Plaintiff was a 15 year old special education student at a public school when he was assaulted with brass knuckles by another student, who had a long, violent disciplinary record. Co-counsel had originally filed suit claiming that the school system was negligent for permitting the violent student to be in that environment. The case stalled. It was 8 years old when I was asked to help. In the interim, school negligence law evolved so that recovery for failure to remove a violent student looked doubtful. After reviewing the file, I began taking the depositions of Plaintiff’s teachers. During those depositions, it became evident that the teachers had an established protocol for transporting special education students to and from events. Although the students were never supposed to be left alone, that was exactly what happened to Plaintiff. His teachers failed to keep track of him when returning from a Fall Festival on the school’s grounds. They did not realize that he was missing until returning to the classroom. Before they could find him, he was assaulted by the violent student. After years of refusing to acknowledge liability, the new angle on the school system’s negligence pushed it into agreeing to an out of court settlement after several days of trial.
My client was a vibrant 60 year old local businesswoman.
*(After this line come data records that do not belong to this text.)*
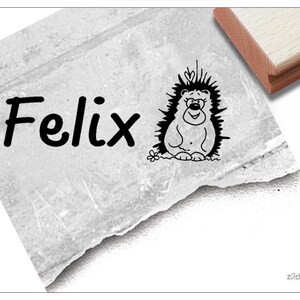 Individueller Namensstempel IGEL, Kinderstempel personalisiert mit Namen, Holzstempel o. Automatikstempel, Geschenk für Kinder, Einschulung Bild 1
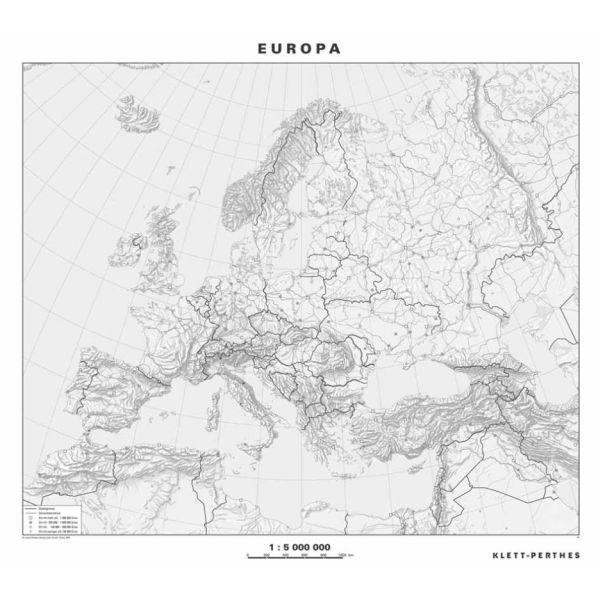Klett-Perthes Verlag continentkaart Europa, politiek, zwart-wit (afwasbaar), 2-zijdig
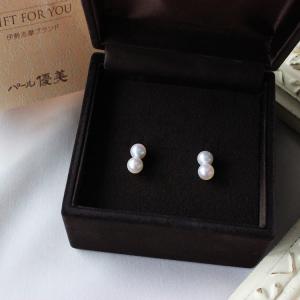 アコヤ真珠ピアス 数粒ラインピアス 3粒 7-7.5mm K18/K14WG 真珠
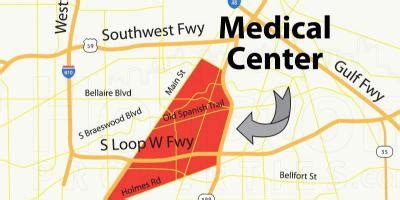 Houston medical center map - Map of Houston medical center (Texas - USA)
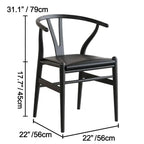 Japandi Matte Black Wooden Chair Series for Dining and Office Dimensions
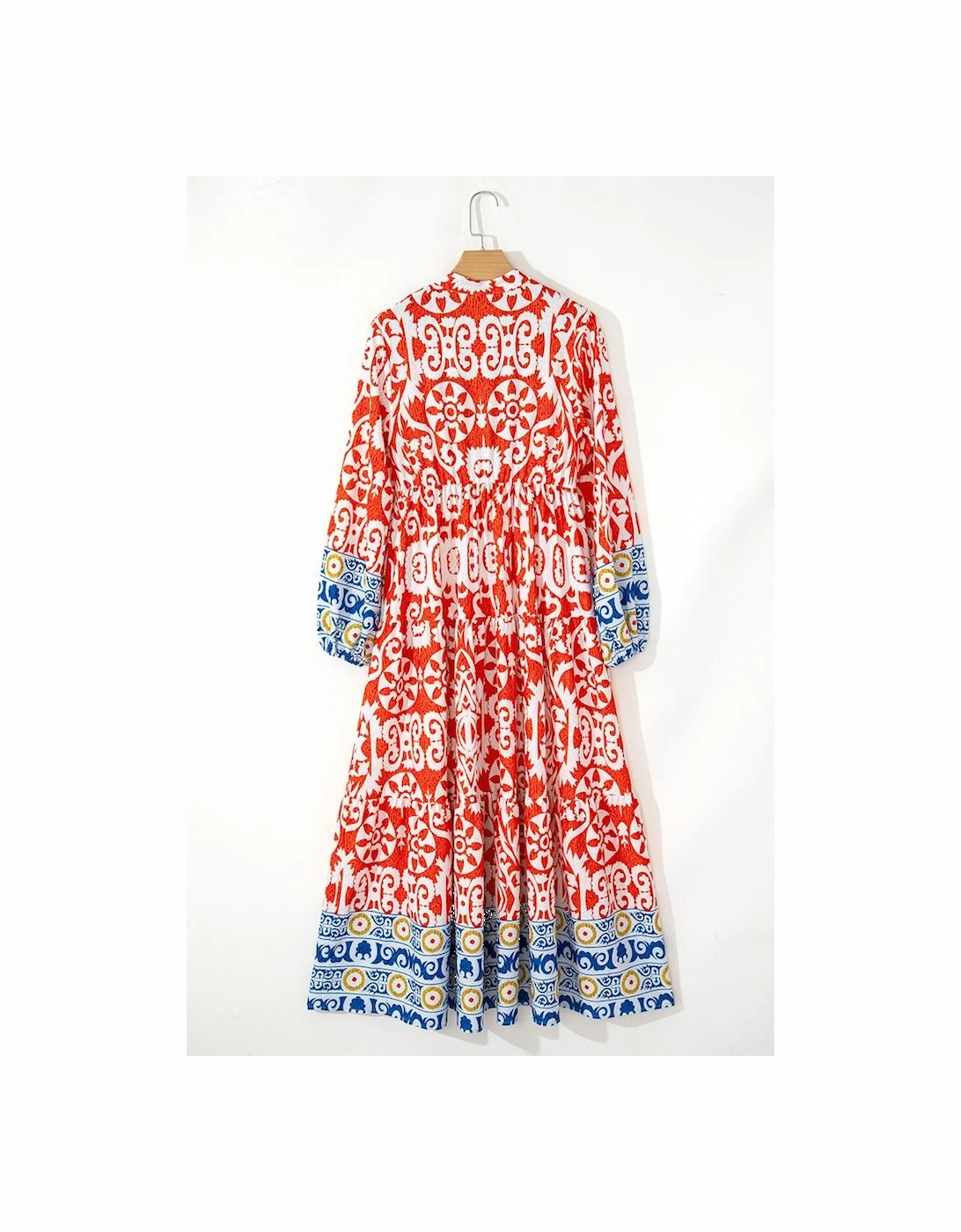 Orange Boho Geometric Printed Long Sleeve Maxi Dress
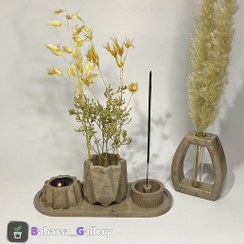تصویر ست تزئینی طرح رگه دار قهوه ای (گلدان، جاشمعی، سینی، گل جای) بهارسا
She and her best friend went to shop at a retail strip mall two days after a winter snowfall. On her way into the store, she slipped on ice that had not been removed since the snowfall. She broke both bones in her ankle. It required two surgeries and over a year to begin getting back to normal. Her injury still hurt and limited her after the second surgery. Her medical expenses totaled approximately $80,000. I quickly deposed the corporate representative for the out of town owner where it became obvious that after it purchased the building two years before the fall it terminated snow and ice removal and simply relied on calls from tenants complaining about such issues. After hiring an economist to calculate the plaintiff’s lost income, past and future, we settled what the mediator called “just a broken ankle case” for $400,000.
Husband and wife were severely injured when the defendant’s vehicle sideswiped them pushing their truck into an oncoming minivan. Wife had over $100,000 in medical expenses; husband had approximately $20,000. The defendant was seriously underinsured. Husband and wife had $200,000 in uninsured motorist coverage. I was able to maximize the clients’ net recoveries by negotiating aggressively with their health insurer, a non-ERISA plan, to reduce what they owed for medical expenses. Recognizing that ERISA’s harsh subrogation rules do not apply to non-profit entities allowed me to persuade their insurer to take pennies on the dollar and put more money in the clients’ pockets.